What I have not seen mentioned yet is that the discovery occurred the same year Gandhi began the Satyagraha movement, or the nonviolent liberation of India from British imperialist rule. Early in this year, indeed within weeks of the discovery, Gandhi laid out his basic philosophy of nonviolent resistance to oppression. He then put the government of England on notice that a kind of revolution would begin, and then nine days later, with 78 men and no weapons, started the famous salt march.

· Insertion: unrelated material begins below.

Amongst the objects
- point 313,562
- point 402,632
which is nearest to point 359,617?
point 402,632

This was both an initiatory and pivotal event in the struggle for Indian independence, as 24 days later, he had two million people walking behind him. Sixty thousand were arrested, and hundreds of thousands were willing to give themselves up to authorities. This was perhaps the first applied use of civil disobedience in human history, certainly in known history. Gandhi borrowed heavily from the work of the 19th century writer Henry David Thoreau, but added his own specific ideas appropriate to the place and time — and to practical action rather than theory. The Indian government was thrown into freaked-out disarray, meeting a force so much larger than itself — the people.

In a startling synchronicity, Gandhi is documented to have walked 248 miles with the millions behind him. Pluto’s orbit is 248 years, and is the planet associated with “the millions.”

The protest involved resisting a tax put on salt by the British, an issue Gandhi chose because he felt it was one everyone could relate to. Part of his protest involved handling salt, a mineral, himself, rather than leaving it to the sole British corporation charged with the privilege of doing so. While not particularly important in itself, the salt tax struck a common chord with the population and catalyzed the movement that would eventually set India free without a single shot being fired.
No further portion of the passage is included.